We’ve watched in recent years legislative bodies begin to weigh in across the country passing bans on all sorts of things that parent’s once weighed in on but have effectively abandoned ship; now there are legislative bans against body piercing on minors; on the sale or rental of violent video games to minors; there are even laws against junk food machines in school lunchrooms; in fact, the lower house in the Texas legislature even devised a ban on overtly sexually suggestive cheerleading [for High Schools].” / Diana West, The Death of the Grownup (St. Martin’s Press, 2007), p. 67

How ironic is that?  Texas is trying to ban suggestive cheerleading?  Monday night football will reveal they’re not gaining much ground.

What’s even more ironic is that they and every state in this union would never think of banning or even discouraging sexual activity after the game – just keep the cheerleaders from suggesting it during the game.

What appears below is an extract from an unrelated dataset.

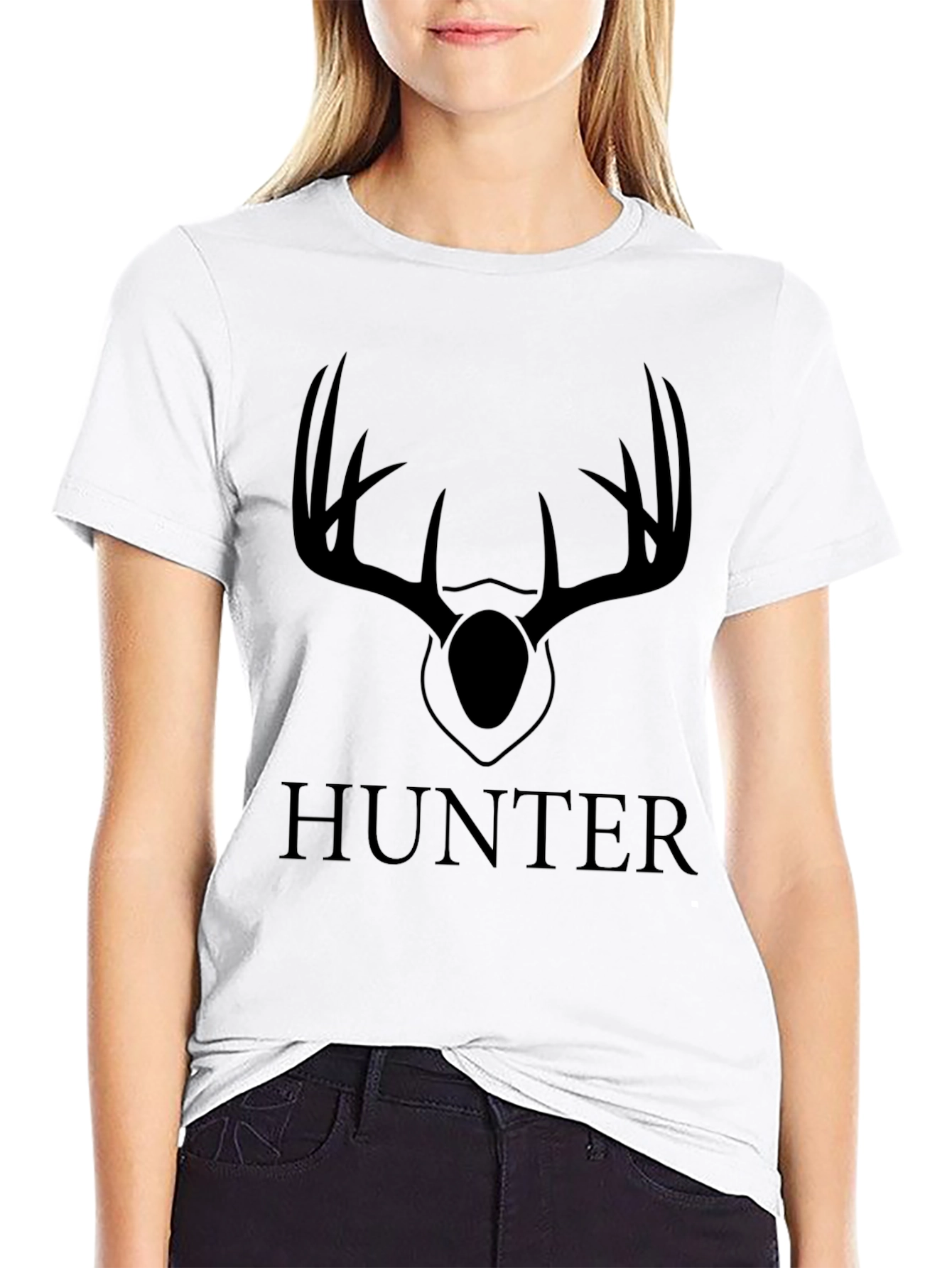 Black Hunter Antler Graphic Tee - Men's Black T-Shirt view 9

The truth is, as one author wrote, we now have more and more children who are arriving in the classroom without any moral compass. / Ibid

Frankly, their parents didn’t have one to pass along and lawmakers rightly don’t even know where to begin to enforce one.

Listen, you cannot watch an argument take place on the floor of a national political party on prime time television on whether or not you even wanna mention God, and then expect the next generation to care about Him, much less obey Him.

Here’s he progression; develop a personal and cultural bias against God and you will soon develop a personal and cultural belligerence against the boundaries of God.

Which leads to what Paul calls here, a disobedient spirit – literally a chafing under His or any kind of moral or ethical authority . . . and it’s going to grow more and more obvious.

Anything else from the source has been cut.